3. Mick Jagger, War Baby . . . Primitive Cool, Jagger’s second solo album, released in 1987, gets trashed and I’d trash it, too, if all I’d ever heard from it was the first single, Let’s Work. It’s actually in retrospect not a bad dance type track as Jagger, as he usually does when doing solo albums and kudos to him for that, tries to separate himself from the Rolling Stones sound and in this case is helped along by the production gloss of Dave Stewart of Eurythmics fame. But there’s the ridiculous video of fit Mick doing aerobics and running and such and lecturing people to get off their butts and to work, etc. and I remember thinking, WTF, Mick? Yet another case where sometimes an artist, or the record company, picks the wrong single and/or video. And then the whole album is judged by it because not all listeners dig deeper.

There’s much better songs on Primitive Cool than Let’s Work. Like Party Doll, the type of hurtin’ country ballad Jagger does so well and I’ve played on the show before and this one, War Baby. It came to mind because I’m currently reading a biography of Who bassist John Entwistle and the first line of the first chapter talks about how Entwistle, born in 1944 was, like Jagger (born 1943) a ‘war baby’ raised amid the rubble wrought by Nazi bombing of the UK. And Jagger speaks to that in an anti-war song too easily overlooked by random, quick assessments of the album. I will always think Jagger’s next solo album, the 1993 record Wandering Spirit, is easily his best solo effort in large measure because it’s the solo album of his that sounds most like The Rolling Stones. But Primitive Cool, for those who haven’t dug in, is worthy of deeper investigation; you arguably need to approach it from the point of view that it’s a Jagger album, not a Stones’ record. Jeff Beck is lead guitarist on the album.

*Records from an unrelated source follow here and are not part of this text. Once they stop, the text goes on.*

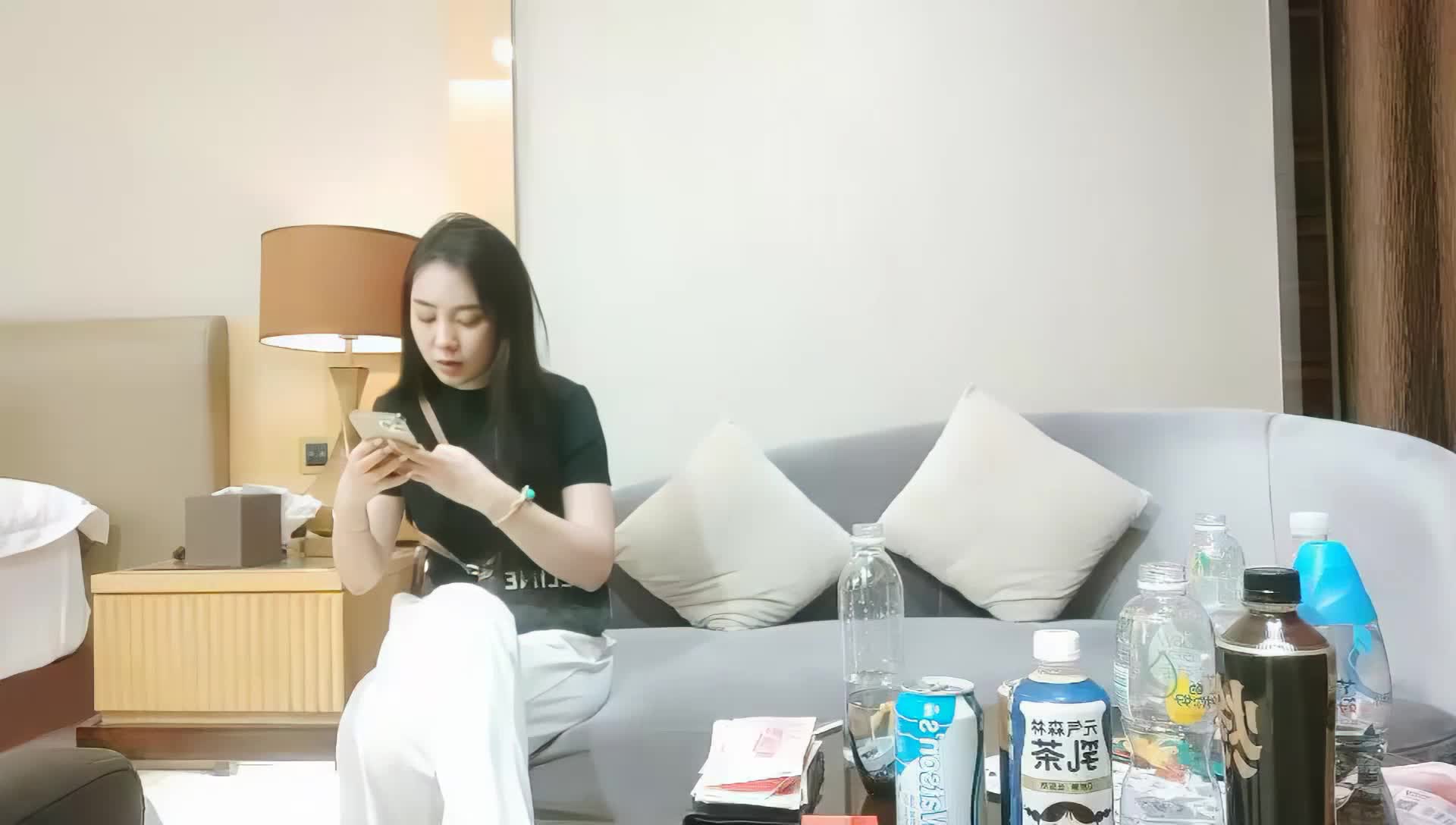 【@A@I@高@清@2@K@修@复@】@9@1@沈@先@森@深@夜@黑@衣@甜@美@外@围@妹@，@翘@起@屁@股@口@交@摸@逼@，@扶@着@大@屁@股@后@入@一@下@下@撞@击@，@妹@子@受@不@了@呻@吟@娇@喘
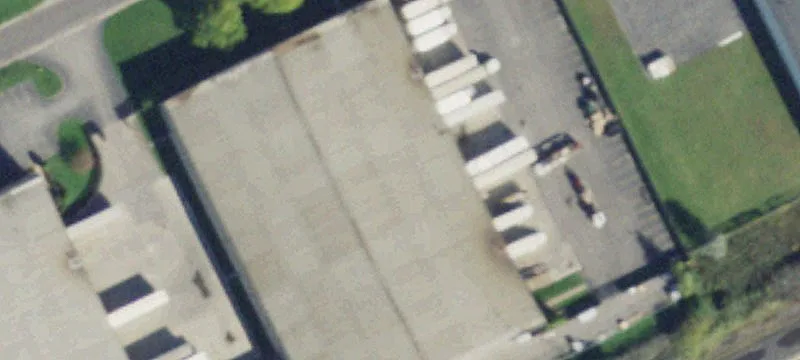Industrial Facility with 25' Clearance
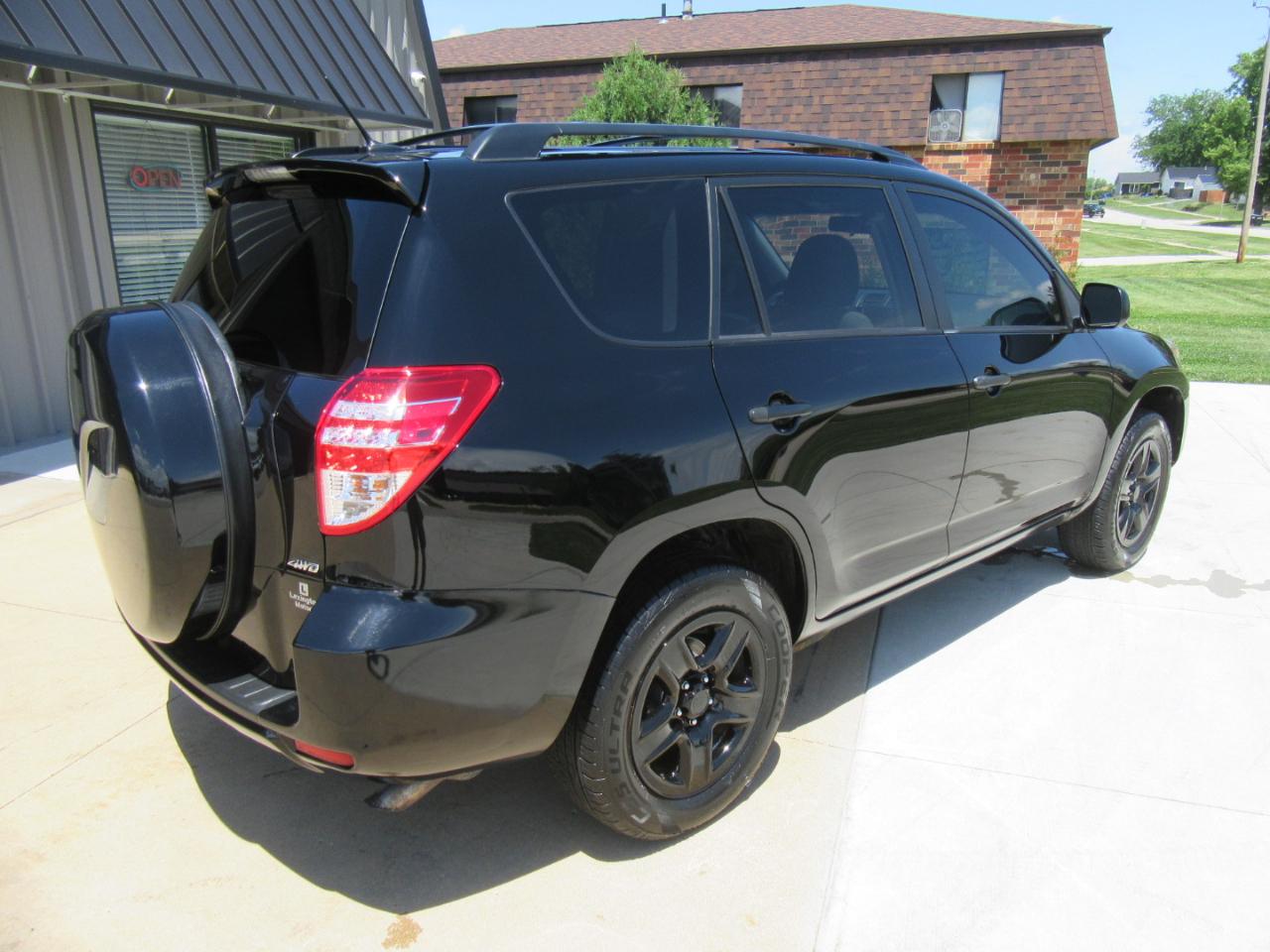 Toyota RAV4 Base 2011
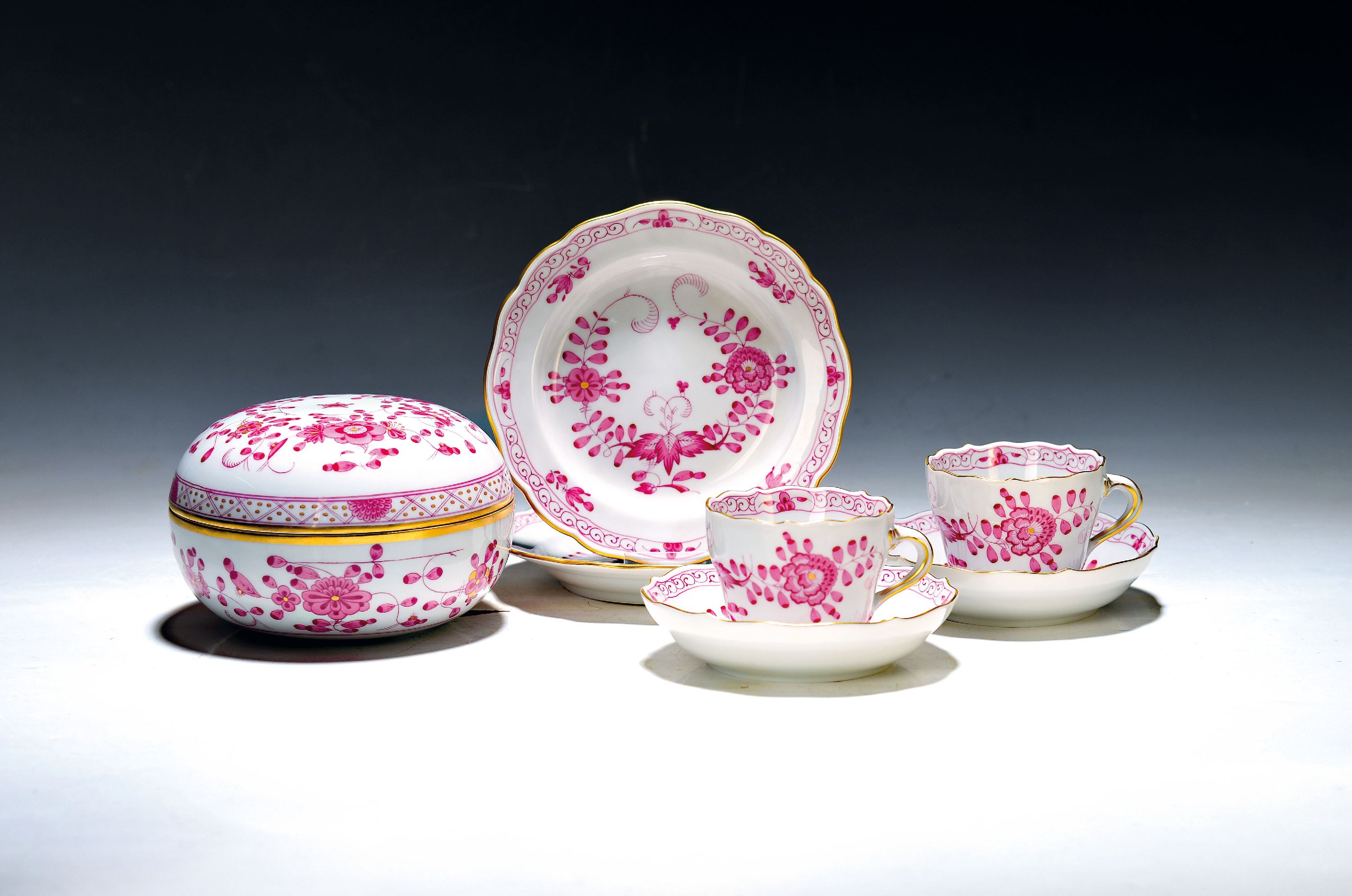 Image 27108417 - 2 espresso/mocha place settings with sugar bowl, Indian purple, Meissen, after 1945, ...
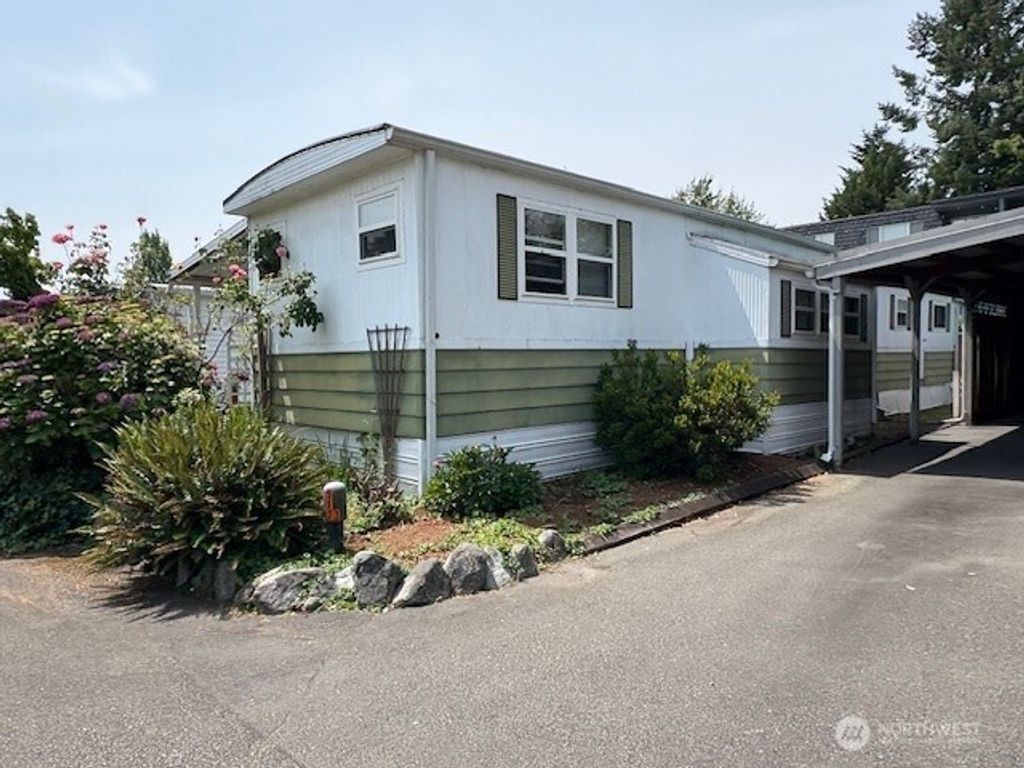 Photo of 7301 NE 175th Street #114, Kenmore, WA 98028 (MLS # 2398081)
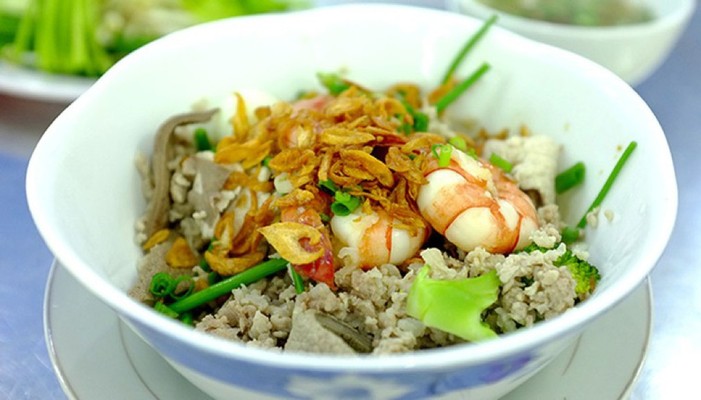 Chị Thuyên - Hủ Tiếu, Bánh Tráng & Chân Gà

4. The Steve Miller Band, Kow Kow Calqulator . . . From the 1969 album Brave New World and it would be a new world of bluesy and psychedelic rock for any fans of Miller who only know him for his many 1970s hits like Take The Money And Run, Fly Like An Eagle, The Joker, etc. that make up the bulk of one of the best-selling compilations ever, Greatest Hits 1974-78. There was a Steve Miller Band before all of that, with albums released starting in 1968. A different sort of band. Boz Scaggs of later fame via solo hit singles like Lido Shuffle and Lowdown was in the group, although Boz left before Brave New World, having played on the first two Miller band albums. Miller continued on in the same vein until achieving commercial success starting with The Joker in 1973 and then the back-to-back full of hits albums Fly Like An Eagle and Book Of Dreams in 1976 and ’77.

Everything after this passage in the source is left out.